Unos minutos antes de morir y trascender esta realidad, mirando hacia atrás, recordando todo lo vivido, lo experimentado y lo aprendido, ¿Crees que tu corazón se sentirá contento? ¿Estuviste distraído(a) o realmente presente y con tus prioridades bien miradas y atendidas? ¿Estuviste viviendo lo que el resto te dictó o dejaste que el timón de tu existencia en la tierra fuera dirigido hacia lo verdaderamente importante para ti?
Al despedirnos de nuestro cuerpo físico, del personaje, de nuestras pertenencias, los vínculos afectivos, nuestro hogar la tierra y todo lo que tomamos de este lugar ¿Nos iremos satisfechos? ¿Me voy conmigo o sin mí? Es decir, ¿Creé un vínculo profundo con mi mismidad o me ignoré por completo toda mi vida por estar al pendiente del afuera, del otro, en vez de conectar con mi profundo interior? ¿Qué significa estar realizado(a)? Porque muchas veces nos llenamos de logros, de títulos, de victorias por competencias laborales, artísticas o deportivas, pero algo dentro sigue sin llenarse, sigue añorando y emitiendo un grito profundo que nos suplica sentir.
En algún momento de la vida, posiblemente después de una caída, de alguna adversidad o dolor profundo, posiblemente en experiencias cercanas a la muerte, nos detiene la experiencia a las preguntas existenciales que nos lleven a recuperar el rumbo hacia la profundidad de nuestra Alma. Pero no tenemos que esperar a que eso suceda, pues podríamos decidir hacerlo en este justo momento.
Dime; ¿Qué harías si supieras que te quedan solamente diez años de vida? ¿Qué actividades realizarías? ¿Seguirías haciendo lo mismo de la misma forma? ¿Permanecerías sosteniendo las mismas relaciones? ¿Tu pensamiento sería el mismo? No necesitas estar seguro(a) de que te queda un tiempo limitado para realizarte en estas experiencias, cortes, cambios o vivencias. ¿Y si comienzas hoy? Dar el primer paso es un avance cuántico. Cuando tenemos dirección y empuje ¿Cómo podríamos perdernos? Oye, ¿Y si te quedaran solamente cinco años de vida?
La lista de experiencias o acciones ¿Sería la misma?

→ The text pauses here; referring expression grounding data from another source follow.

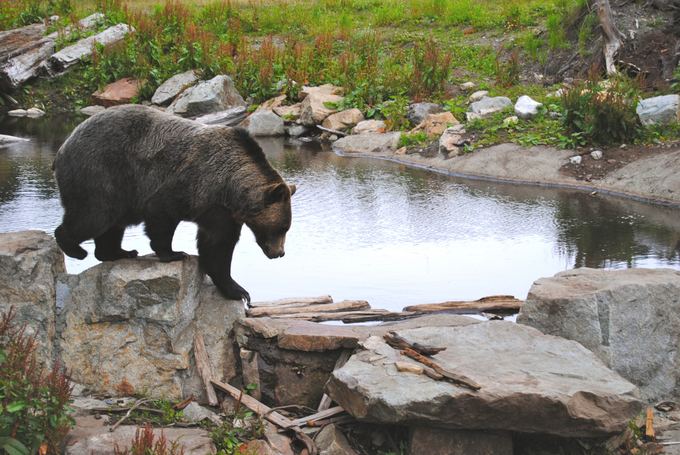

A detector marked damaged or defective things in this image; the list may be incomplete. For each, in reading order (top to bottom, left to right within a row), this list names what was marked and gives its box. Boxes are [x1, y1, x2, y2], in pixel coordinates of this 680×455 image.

broken wood piece [247, 300, 370, 318]
broken wood piece [404, 298, 520, 316]
broken wood piece [386, 332, 448, 356]
broken wood piece [194, 334, 218, 408]
broken wood piece [402, 350, 480, 392]
broken wood piece [290, 408, 348, 430]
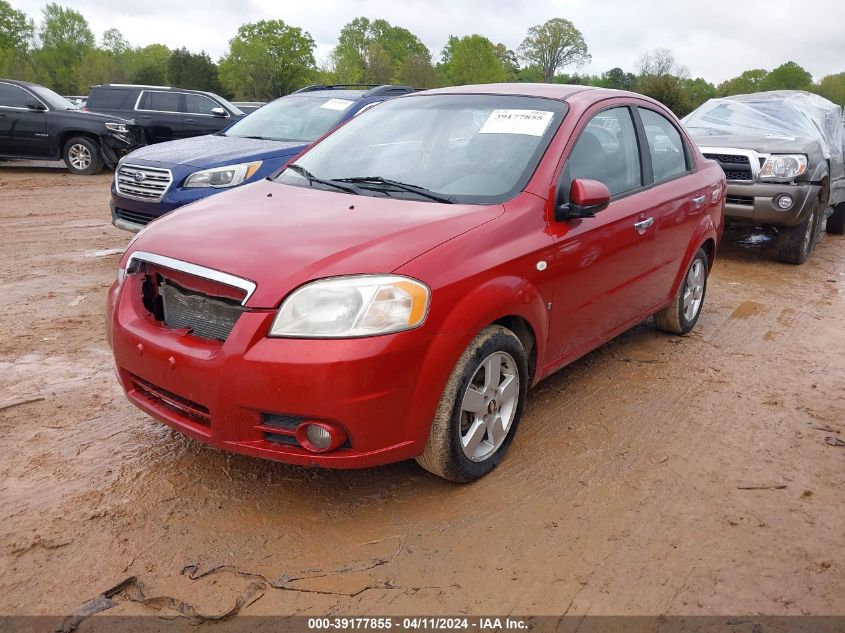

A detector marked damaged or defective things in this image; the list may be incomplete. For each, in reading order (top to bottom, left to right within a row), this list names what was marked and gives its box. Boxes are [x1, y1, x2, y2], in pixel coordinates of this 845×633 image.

damaged headlight [184, 160, 260, 188]
damaged headlight [760, 154, 804, 179]
damaged headlight [268, 274, 428, 338]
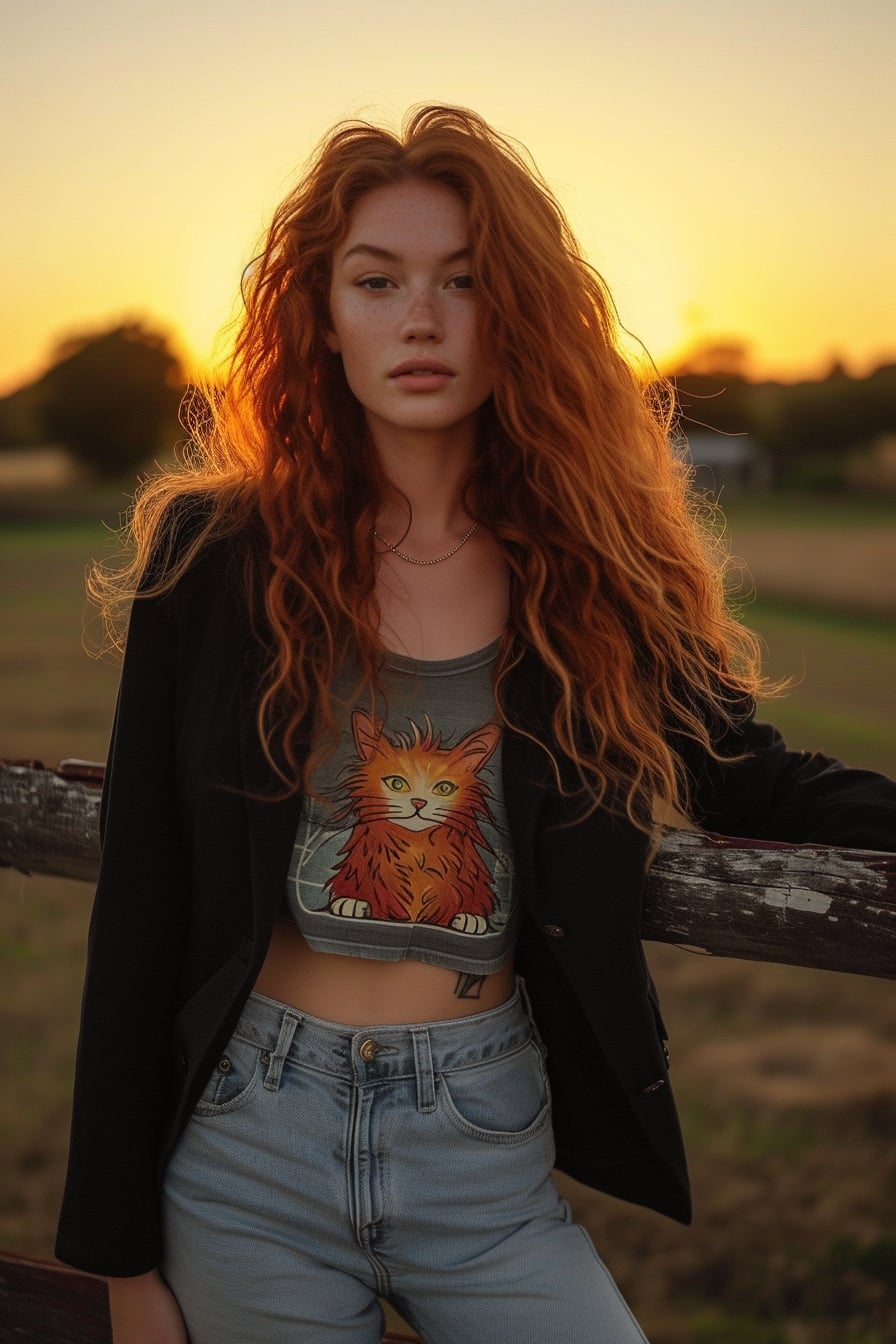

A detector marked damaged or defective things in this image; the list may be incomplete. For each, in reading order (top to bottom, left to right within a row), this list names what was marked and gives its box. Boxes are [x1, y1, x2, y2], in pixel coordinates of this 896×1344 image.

Tal vez aquí te das cuenta de que cambian las prioridades o de que tenías escondida cierta información en tu inconsciente incluso, posiblemente privándote a ti mismo(a) de principios esenciales muy tuyos que merecen, por supuesto, ser vistos y experimentados. ¿Y si te quedara un año de vida? ¿Qué harías? ¿Con quién estarías? ¿Qué soltarías? ¿Qué cambiarías? Respira profundo y permítete ser sincero(a) contigo mismo(a).
Y cuando ya sabes eso que realizarías la pregunta es: ¿Por qué no lo haces ahora? Seguramente vienen pensamientos o creencias limitantes. Pero también es bello recordar que somos un puntito minúsculo en un Universo inefable y al estar encarnados con un tiempo físico limitado. ¿Qué estamos esperando para vivir? ¿Y si te quedara un mes de vida? Puedes analizar si las experiencias cambiarían, si lo que pensaste antes, cuando imaginaste que tenías más tiempo en la tierra, ahora es diferente.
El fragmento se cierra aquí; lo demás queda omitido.